Back in my early 20’s I had some friends who were honestly very naïve and I loved that about them. I’d been through too much at this point in my life and cherished my time spent with these friends who were so wide eyed and new to the world. My ex however, always the oh so intelligent one, was the one who pointed out that it was that they were naïve that I spent my time with them. But this is why I liked and even in the case of one, grew to love them. They allowed me to feel like a kid again in a way, I could see the world through their eyes and loved it. They were my fortress of naivety in a world so cold I’d grown to hate it.
One of these friends and I even found an apartment and became roommates for a while. We’d throw parties on the weekends and watch marathon Monty Python sketches and have debates and philosophical conversation lasting well into the early morning hours. I miss these days for these friends, this one in particular eventually was to become cold and cruel as she got a little older and wiser to the ways of the world.

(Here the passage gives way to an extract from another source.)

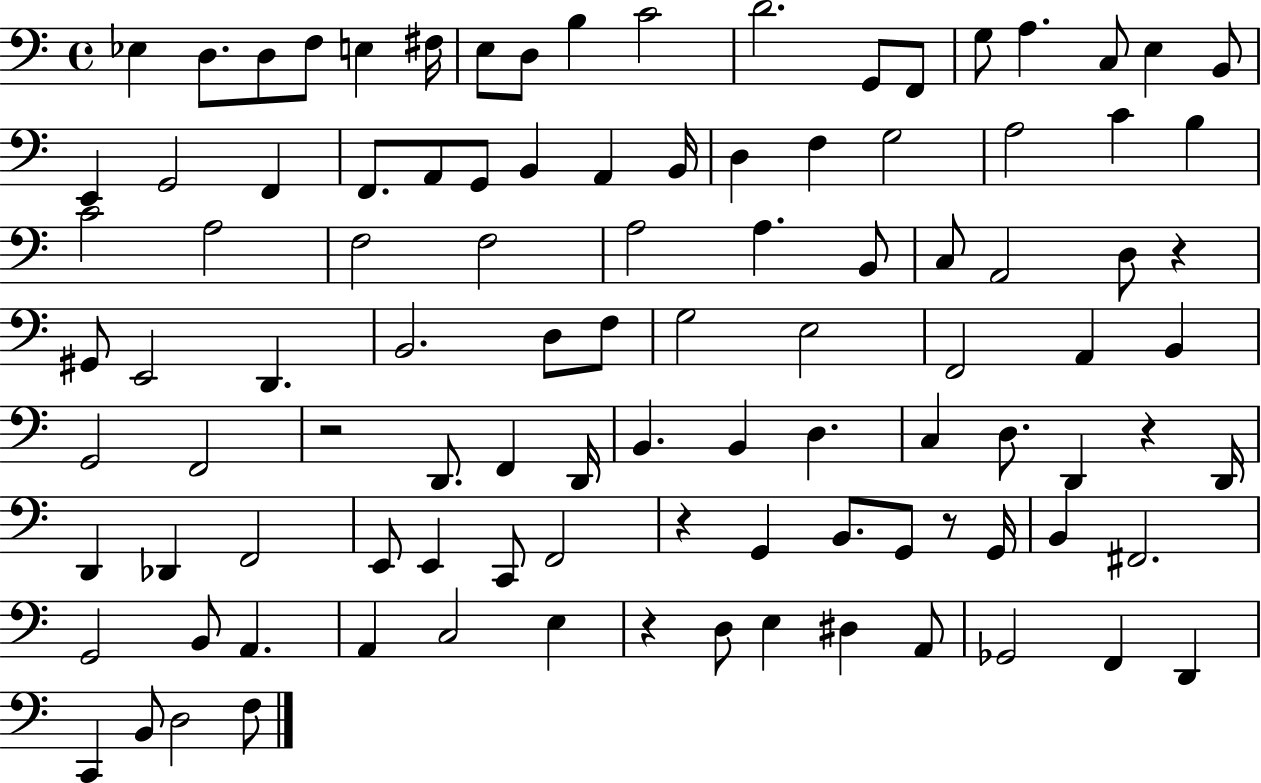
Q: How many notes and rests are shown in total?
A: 102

This was the one who became furious when she learned that I’d been diagnosed with schizoaffective disorder saying “You’re NOT crazy!” “You’re just DIFFERENT!” As she fast grew up before my eyes she got more and more mean and resentful of me. She’d single me out at parties for mockery and embarrassment, she’d scream at me to “get a damn job like everyone else!”
Last I saw of her she was kicking me out of her backyard late one night saying she didn’t wish to see me until I had a job, a house and a wife. This was the last I spoke to her. Haven’t seen any of these old friends since those days seven or eight years ago.
I miss them greatly, but not as they are now but as they were then.